This feature is in early access and is not intended for production usage.

The Pinecone MCP server enables AI agents to interact directly with Pinecone’s functionality and documentation via the standardized Model Context Protocol (MCP). Using the MCP server, agents can search Pinecone documentation, manage indexes, upsert data, and query indexes for relevant information.

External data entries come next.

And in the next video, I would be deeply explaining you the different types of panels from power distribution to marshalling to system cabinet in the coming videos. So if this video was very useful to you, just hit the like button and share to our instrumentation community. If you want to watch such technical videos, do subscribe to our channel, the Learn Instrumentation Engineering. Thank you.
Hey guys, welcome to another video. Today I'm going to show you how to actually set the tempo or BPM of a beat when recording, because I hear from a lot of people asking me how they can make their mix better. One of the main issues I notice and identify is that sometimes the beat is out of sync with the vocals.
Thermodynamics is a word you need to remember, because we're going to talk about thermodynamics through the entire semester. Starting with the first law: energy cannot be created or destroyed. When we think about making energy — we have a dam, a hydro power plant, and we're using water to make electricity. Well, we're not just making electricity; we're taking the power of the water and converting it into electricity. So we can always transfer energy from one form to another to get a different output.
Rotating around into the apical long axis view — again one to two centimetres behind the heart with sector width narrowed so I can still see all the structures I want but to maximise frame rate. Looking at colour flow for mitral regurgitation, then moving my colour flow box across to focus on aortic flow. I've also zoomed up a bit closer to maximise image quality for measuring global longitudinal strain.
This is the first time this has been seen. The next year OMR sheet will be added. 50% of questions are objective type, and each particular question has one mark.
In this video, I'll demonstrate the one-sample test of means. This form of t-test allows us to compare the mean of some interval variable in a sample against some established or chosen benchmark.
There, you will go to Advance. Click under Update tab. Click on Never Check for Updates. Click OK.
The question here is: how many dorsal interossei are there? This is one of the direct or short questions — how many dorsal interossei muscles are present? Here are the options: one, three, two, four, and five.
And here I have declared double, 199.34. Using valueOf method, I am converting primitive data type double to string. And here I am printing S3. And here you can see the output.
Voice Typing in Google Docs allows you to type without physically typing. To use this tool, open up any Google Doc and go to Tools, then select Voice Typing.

This page shows you how to configure Cursor and Claude Desktop to connect with the Pinecone MCP server.

Tools

The Pinecone MCP server provides the following tools:

  • search-docs: Search the official Pinecone documentation.
  • list-indexes: Lists all Pinecone indexes.
  • describe-index: Describes the configuration of an index.
  • describe-index-stats: Provides statistics about the data in the index, including the number of records and available namespaces.
  • create-index-for-model: Creates a new index that uses an integrated inference model to embed text as vectors.
  • upsert-records: Inserts or updates records in an index with integrated inference.
  • search-records: Searches for records in an index based on a text query, using integrated inference for embedding. Has options for metadata filtering and reranking.
  • cascading-search: Searches for records across multiple indexes, deduplicating and reranking the results.
  • rerank-documents: Reranks a collection of records or text documents using a specialized reranking model.

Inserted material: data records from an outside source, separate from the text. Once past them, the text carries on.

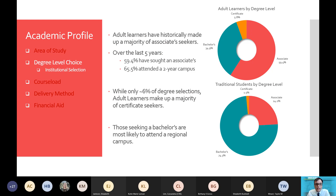Looking at degree level choice, adult learners historically have made up a majority of associate's seekers. Over the last five years, 59.4 percent have sought an associate's degree. Comparing adult learners and traditional students via donut charts, you can see that 59.4 percent for associates contrasts sharply with traditional students, where roughly three-fourths opt for a bachelor's. Certificate level only makes up around 6 percent of degree selections, but among certificate earners, adult learners make up a clear majority of certificate seekers. So while certificates are a small proportion overall, adults make up a high proportion of those certificates.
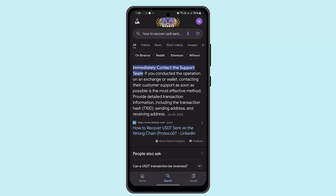You could also explore exchange-based solutions. If you sent the USDC from an exchange like Binance, they might offer tools like Binance Bridge to convert tokens between blockchains. You can explore their support section or contact their customer service for guidance.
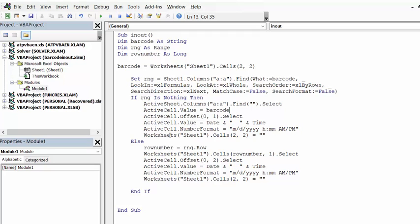Now the last thing it does is it's going to select my cell B2 and it's going to delete whatever we have in there.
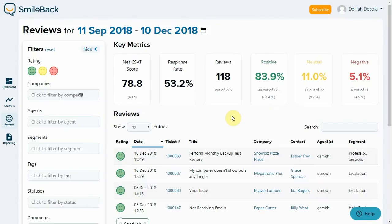For example, you might have more than one agent scheduled on a ticket and you want to be sure that they all get credited when a review comes in.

The Pinecone MCP supports only indexes with integrated embedding. Indexes for vectors you create with external embedding models are not supported.

Before you begin

Ensure you have the following:

Configure Cursor

1

Add the MCP server

In your project root, create a .cursor/mcp.json file, if it doesn’t exist, and add the following configuration:

{
  "mcpServers": {
    "pinecone": {
      "command": "npx",
      "args": [
        "-y", "@pinecone-database/mcp"
      ],
      "env": {
        "PINECONE_API_KEY": "YOUR_API_KEY"
      }
    }
  }
}

Replace YOUR_API_KEY with your Pinecone API key.

2

Check the status

Go to Cursor Settings > MCP. You should see the server and its list of tools.

3

Add Pinecone rules

The Pinecone MCP server works well out-of-the-box. However, you can add explicit rules to ensure the server behaves as expected.

In your project root, create a .cursor/rules/pinecone.mdc file and add the following:

### Tool Usage for Code Generation

- When generating code related to Pinecone, always use the `pinecone` MCP and the `search_docs` tool.

- Perform at least two distinct searches per request using different, relevant questions to ensure comprehensive context is gathered before writing code.

### Error Handling

- If an error occurs while executing Pinecone-related code, immediately invoke the `pinecone` MCP and the `search_docs` tool.

- Search for guidance on the specific error encountered and incorporate any relevant findings into your resolution strategy.

### Syntax and Version Accuracy

- Before writing any code, verify and use the correct syntax for the latest stable version of the Pinecone SDK.

- Prefer official code snippets and examples from documentation over generated or assumed field values.

- Do not fabricate field names, parameter values, or request formats.

### SDK Installation Best Practices

- When providing installation instructions, always reference the current official package name.

- For Pinecone, use `pip install pinecone` not deprecated packages like `pinecone-client`.
4

Test the server

Press Command + i to open the Agent chat. Test the Pinecone MCP server with prompts that required the server to generate Pinceone-compatible code and perform tasks in your Pinecone account.

Generate code:

Write a Python script that creates a dense index with integrated embedding, upserts 20 sentences about dogs, waits 10 seconds, searches the index, and reranks the results.

Perform tasks:

Create a dense index with integrated embedding, upsert 20 sentences about dogs, waits 10 seconds, search the index, and reranks the results.

Configure Claude Desktop

1

Add the MCP server

Go to Settings > Developer > Edit Config and add the following configuration:

{
  "mcpServers": {
    "pinecone": {
      "command": "npx",
      "args": [
        "-y", "@pinecone-database/mcp"
      ],
      "env": {
        "PINECONE_API_KEY": "YOUR_API_KEY"
      }
    }
  }
}

Replace YOUR_API_KEY with your Pinecone API key.

2

Check the status

Restart Claude Desktop. On the new chat screen, you should see a hammer (MCP) icon appear with the new MCP tools available.

3

Test the server

Test the Pinecone MCP server with prompts that required the server to generate Pinceone-compatible code and perform tasks in your Pinecone account.

Generate code:

Write a Python script that creates a dense index with integrated embedding, upserts 20 sentences about dogs, waits 10 seconds, searches the index, and reranks the results.

Perform tasks:

Create a dense index with integrated embedding, upsert 20 sentences about dogs, waits 10 seconds, search the index, and reranks the results.